Open bluesheep100 opened 1 month ago
From a quick search in the codebase, it only seems to set the Environment::name()
to a CI constant.
And then that is only used in whether it creates a lockfile
/**
* Creates the lock file.
*/
public static function enable(TestCall $testCall, string $group = '__pest_only'): void
{
$testCall->group($group);
if (Environment::name() === Environment::CI || Parallel::isWorker()) {
return;
}
$lockFile = self::TEMPORARY_FOLDER.DIRECTORY_SEPARATOR.'only.lock';
if (file_exists($lockFile) && $group === '__pest_only') {
file_put_contents($lockFile, $group);
return;
}
if (! file_exists($lockFile)) {
touch($lockFile);
file_put_contents($lockFile, $group);
}
}
Well, I guess that's a reason to use the flag, though I'm not sure what a lockfile does in the context of a testing framework. I only know composer.lock and such. Is it just to prevent mid-runtime configuration changes or something?

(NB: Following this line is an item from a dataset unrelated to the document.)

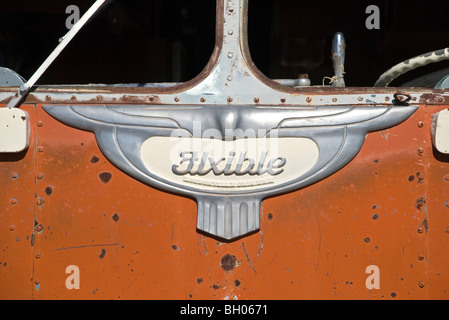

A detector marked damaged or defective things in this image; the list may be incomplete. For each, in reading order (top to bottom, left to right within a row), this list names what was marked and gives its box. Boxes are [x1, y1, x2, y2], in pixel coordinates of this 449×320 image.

rusty orange metal panel [1, 103, 446, 300]
corroded rust spot [220, 254, 236, 272]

I was going to set up CI/CD with Pest to help enforce keeping expectations up to date. However, the guide is rather confusing, as I can't find out what
./vendor/bin/pest --ci
would do differently to just./vendor/bin/pest
, due to there seemingly being no mention of what this--ci
option does anywhere. Maybe I'm just blind, but I really can't find it, and running the command with--ci
doesn't make any visible difference in output.